I really like this guy at my school, and I think he likes me too. I think we both know that we like each other too, but that we just both haven't had the courage to ask the other person out. I've never asked a guy out before, so I'm kind of nervous, partly about how to ask without sounding stupid, I guess. But mostly my nerves are based on paranoia that I know probably isn't logical, but still scares me anyway.
I've only been in one relationship before. It ended very badly due to both stupid decisions and lack of knoweledge on my part, and in retrospect, probably never should have happened in the 1st place, for the same reasons. I don't want to go into the details because it's a very long story, but basically I learned the hard way that you shouldn't have a relationship when a) there is a big age difference, at least not in highschool, b)you're not good friends and c)you havn't known him very long.
I know that this experience shouldn't affect a crush on a guy my age who i've been friends with for over a year, but I'm still scared anyway. I'm afraid of doing anything about it at all, i guess, because everything I did before only made everything worse, and I don't want to do something stupid again and cause yet another disaster.

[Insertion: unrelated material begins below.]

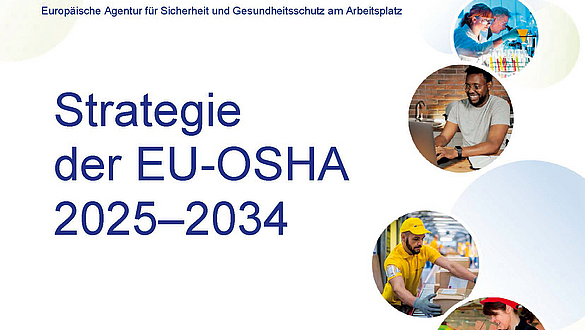 Publikation "Strategie der EU-OSHA 2025-2034" Titelblatt der Publikation "Strategie der EU-OSHA 2025-2034".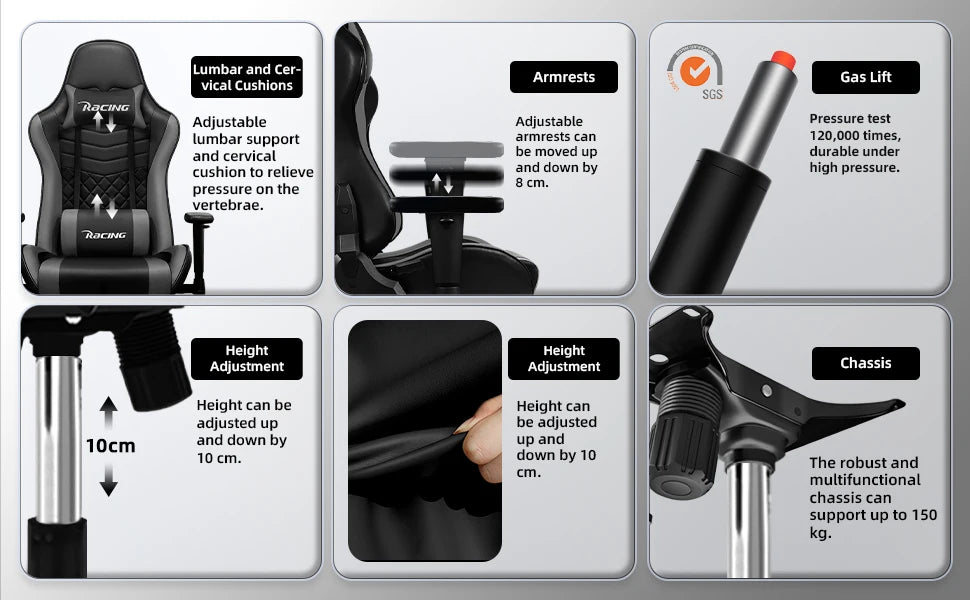 AUTHMIC Ergonomischer Gaming-Stuhl, Büro-Liegestuhl mit Lordosenstütze, verstellbare Armlehne, 150 kg Belastung für Heimarbeit, Gamer-Setup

My best friend knows about my experience and understands why I'm scared. A few of my other friends, though, know I like this guy, but don't know about what happened to me before. They can't see why I haven't asked this guy out yet. One friend in particular. She keeps bugging me and bugging me and wont stop. Every time I see her: "Did you ask him yet?", "When are you going to ask him?", "If you don't soon I'm going to ask him for you."
How do I explain to her why I'm afraid with out explaining the whole situation? (which no one but my best friend knows about, it happened at summer camp). Or should I just overcome my irrational fears and ask him and hope for the best?
Thank you so much for taking the time to read this, and sorry it's so long!